Penny Lane und Carnaby-Street
Da war doch was im März 2007
April vor 20(00) Jahren 04/17
1967 - von Hendrix bis Ohnesorg 06/17
Harry Potter und der Stein der Weisen 07/17
2013 begann die Reihe „Da war doch was…“ mit Rosa Parks. Ich hatte die Geschichte fast vergessen und holte sie dann aus dem Gedächtnis, aufgefrischt und erweitert durch ein paar Recherchen. Das fand ich so interessant, dass ich begann, daraus eine Reihe zu machen, die monatlich in unserer bayerischen Pfarrerzeitung erschien. Dabei bemühte ich mich um abwechslungsreiche Themen und wollte nach Möglichkeit von den „großen Erinnerungen“, über die ohnedies geschrieben würde, wegbleiben. Aber auch ohne Jubiläumsjahr finde ich die Rückblicke bedenkenswert und bringe sie daher in diesem Sammelband heraus.
Es ist immer eine lebhafte Auseinandersetzung mit der Vergangenheit, bei der die Gegenwart nicht auf der Strecke bleibt. Man kann auch aus der Geschichte lernen. Ich aber habe aus diesen Geschichten vor allem gelernt, dass die Menschheit als politische Größe aus der Geschichte nicht gelernt hat – wenngleich es für einzelne, ja, für ganze Gruppen zutrifft. Vermutlich hat die biblische Anthropologie recht, wenn dort betont wird, dass das Trachten und Denken des Menschen böse ist von Kindesbeinen an. Wir können dem freilich etwas entgegenstellen, gespeist aus der Kraft der Hoffnung und durch die Macht der Liebe.

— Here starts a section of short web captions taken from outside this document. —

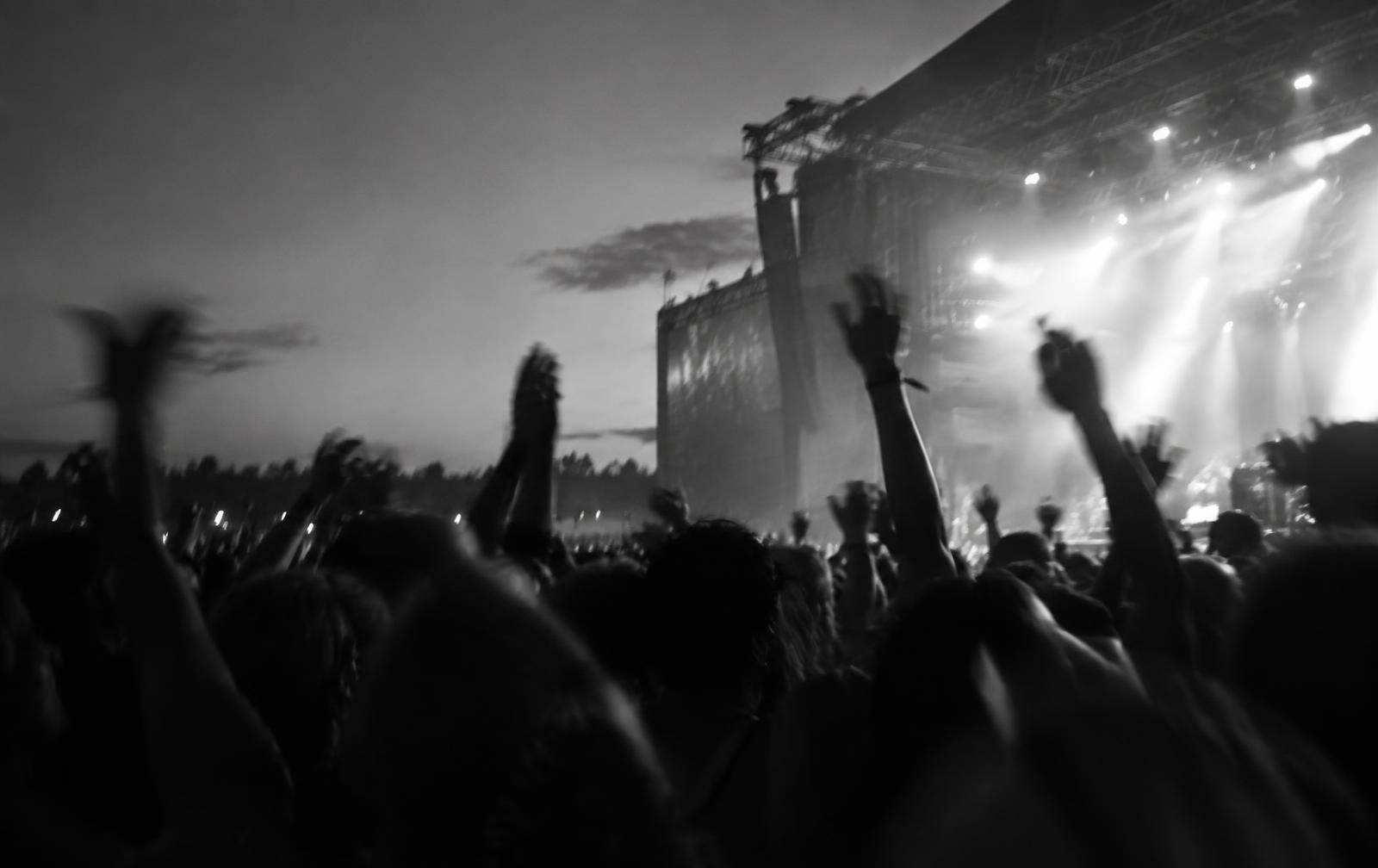 Festival crowd with raised hands under stage lights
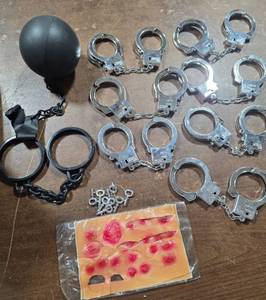 lot 58 image: Lot of Costume Accessories Ball & Chain, Hand Cuffs, Keys, Stick-On Scabs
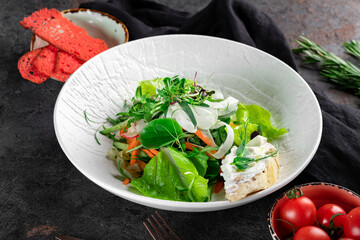 Fresh diet green salad of raw vegetables on a white plate. Vegan Leaf Salad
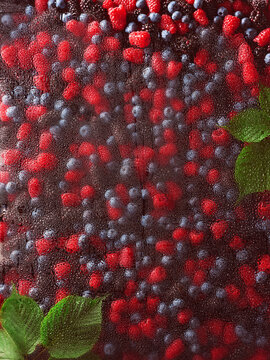 Fresh raspberries and blueberries rest on wet glass, with water droplets adding a soft look. Green mint leaves enhance the scene. This captures summer freshness and healthy ingredients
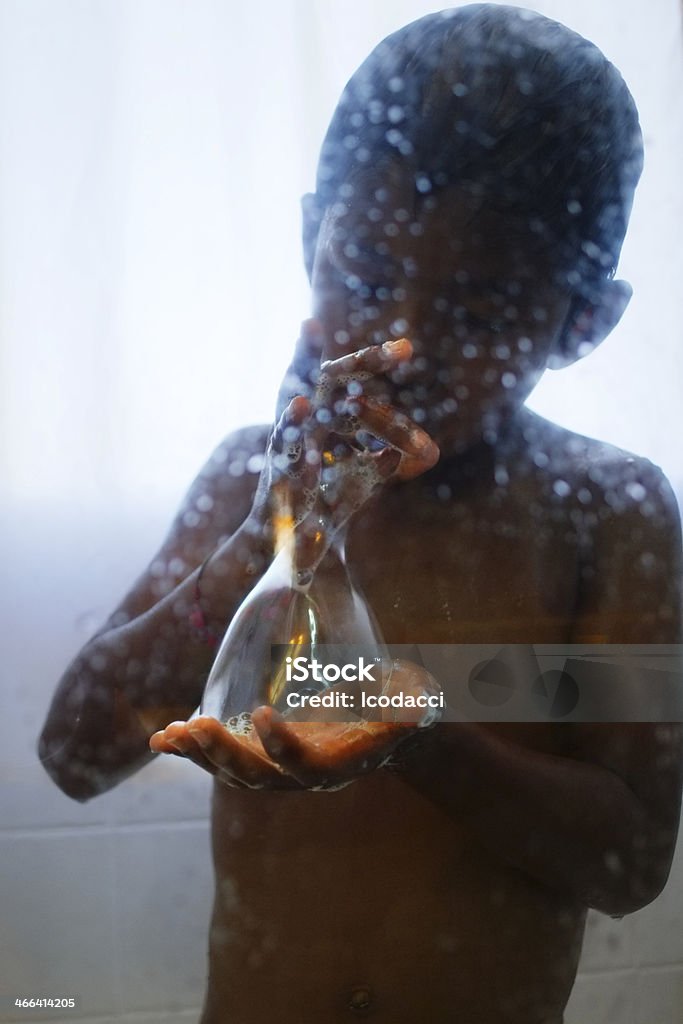 Soap bubble Young boy is having fun during a shower with a giant bubble soap. Bubble Stock Photo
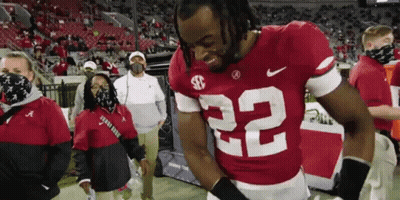 Football Player Number 22 Standing On Field GIF
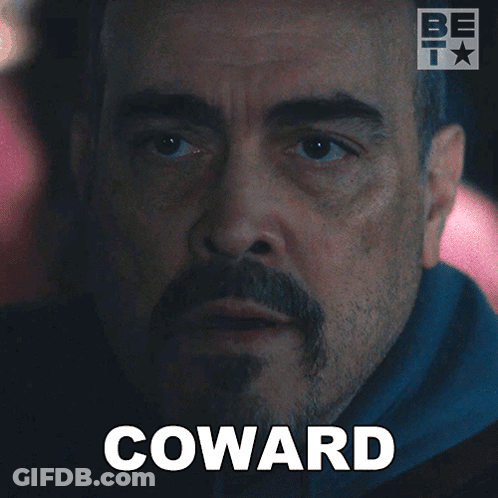 A Man With A Beard And The Word Coward Written On His Face GIF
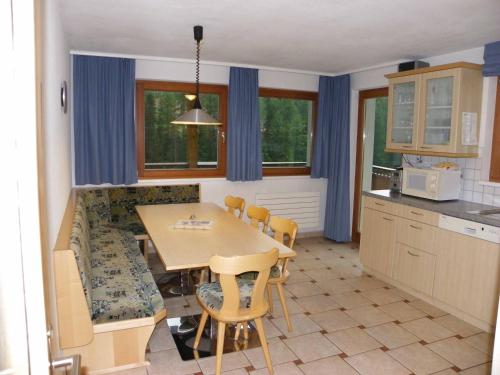 a kitchen with a table and chairs in a room at Chasa Vaidum in Samnaun
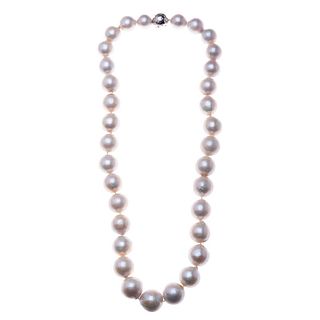 Collar con 33 perlas cultivadas color blanco de 14 a 17 mm. Broche con chispas de diamantes en paladio.  197.6 g. Muestra desg...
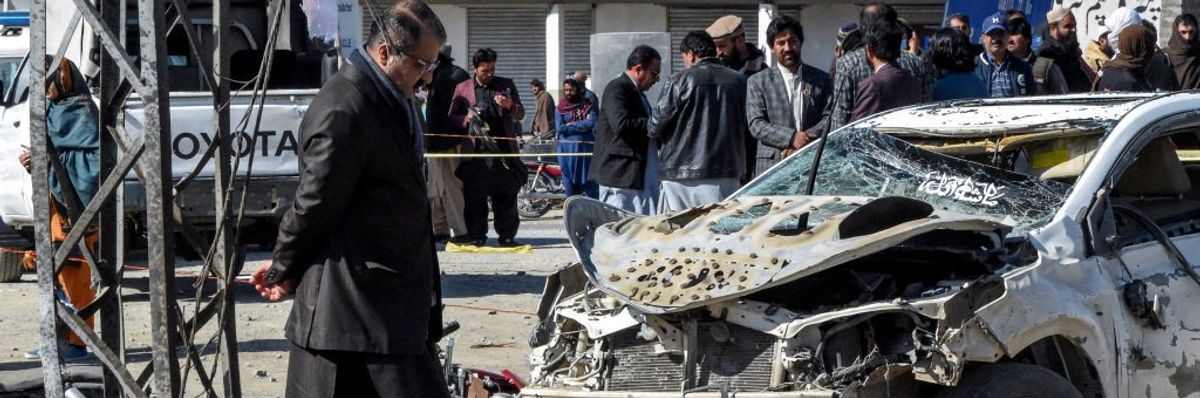 Pakistani security officials inspect the site of a political bombing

Volker Schoßwald, im Dezember 2017
Sie wäre am 4. Februar 2013 hundert Jahre alt geworden; vor acht Jahren verstarb sie: Rosa Parks. Eine kleine Szene der kleinen Frau wurde zur Legende, eine kleine Szene, ohne die Barak Obama heute wohl nicht Präsident der Vereinigten Staaten sein könnte: Montgomery, Alabama, 1. Dezember 1955, in einem öffentlichen Bus: In einem Busabschnitt, der mit coloured gekennzeichnet ist, will sich ein weißer Fahrgast hinsetzen. Kein Problem. Aber alle drei schwarzen Fahrgäste, die in dieser Reihe sitzen, müssen nun aufstehen und ihren Platz freimachen. Alle! Weil ansonsten die Rassentrennung gefährdet wäre und mit ihr die öffentliche Ordnung. Rosa Parks bleibt sitzen. Sie ist nicht einfach müde vom Arbeiten, sie ist auch müde, immer wieder aufgrund ihrer Hautfarbe schikaniert zu werden: Bereits als Grundschülerin hatte sie zur Schule laufen müssen, weil der Schulbus für weiße Kinder reserviert war. Der Fahrgast insistiert auf seinem Recht - Rosa Parks, 42, bleibt sitzen. Der Busfahrer ruft die Polizei. Die Sekretärin der NAACP (National Association for the Advancement of Colored People) wird verhaftet und verurteilt, wegen Störung der öffentlichen Ordnung.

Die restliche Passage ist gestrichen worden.